Content starts

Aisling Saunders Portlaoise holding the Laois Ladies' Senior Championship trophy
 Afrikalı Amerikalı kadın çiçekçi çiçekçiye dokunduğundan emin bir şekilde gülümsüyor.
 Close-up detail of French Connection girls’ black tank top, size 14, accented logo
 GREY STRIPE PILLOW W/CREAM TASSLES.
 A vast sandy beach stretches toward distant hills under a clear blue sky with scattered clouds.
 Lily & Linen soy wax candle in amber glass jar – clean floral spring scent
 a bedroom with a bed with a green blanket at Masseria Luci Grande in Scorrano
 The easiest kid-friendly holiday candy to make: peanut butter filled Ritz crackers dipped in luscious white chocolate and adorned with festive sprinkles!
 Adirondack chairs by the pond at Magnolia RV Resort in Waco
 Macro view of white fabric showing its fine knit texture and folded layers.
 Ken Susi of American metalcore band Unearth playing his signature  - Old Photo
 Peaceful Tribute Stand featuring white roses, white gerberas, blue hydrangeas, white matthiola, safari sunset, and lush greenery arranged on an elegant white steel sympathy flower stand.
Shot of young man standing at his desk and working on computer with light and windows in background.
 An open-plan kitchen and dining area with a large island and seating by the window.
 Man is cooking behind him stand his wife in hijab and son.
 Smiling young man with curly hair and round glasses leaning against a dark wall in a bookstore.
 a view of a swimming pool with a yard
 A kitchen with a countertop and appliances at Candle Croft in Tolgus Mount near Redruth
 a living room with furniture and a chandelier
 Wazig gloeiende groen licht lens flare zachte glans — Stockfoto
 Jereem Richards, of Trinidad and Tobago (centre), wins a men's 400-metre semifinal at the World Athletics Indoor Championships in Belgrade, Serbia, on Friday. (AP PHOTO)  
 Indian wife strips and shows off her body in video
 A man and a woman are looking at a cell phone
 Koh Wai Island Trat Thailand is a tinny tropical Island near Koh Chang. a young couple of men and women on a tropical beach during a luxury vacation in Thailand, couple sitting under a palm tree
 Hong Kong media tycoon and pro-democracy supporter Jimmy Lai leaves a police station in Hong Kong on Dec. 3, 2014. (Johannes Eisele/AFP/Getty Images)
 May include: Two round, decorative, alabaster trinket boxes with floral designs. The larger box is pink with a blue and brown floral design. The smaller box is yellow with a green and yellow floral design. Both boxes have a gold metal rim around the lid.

Content ends

Task objective
Output the lines of the records above exactly as they appear, from the line containing "Peaceful Tribute Stand" through the line containing "Shot of young".

Result below
 Peaceful Tribute Stand featuring white roses, white gerberas, blue hydrangeas, white matthiola, safari sunset, and lush greenery arranged on an elegant white steel sympathy flower stand.
Shot of young man standing at his desk and working on computer with light and windows in background.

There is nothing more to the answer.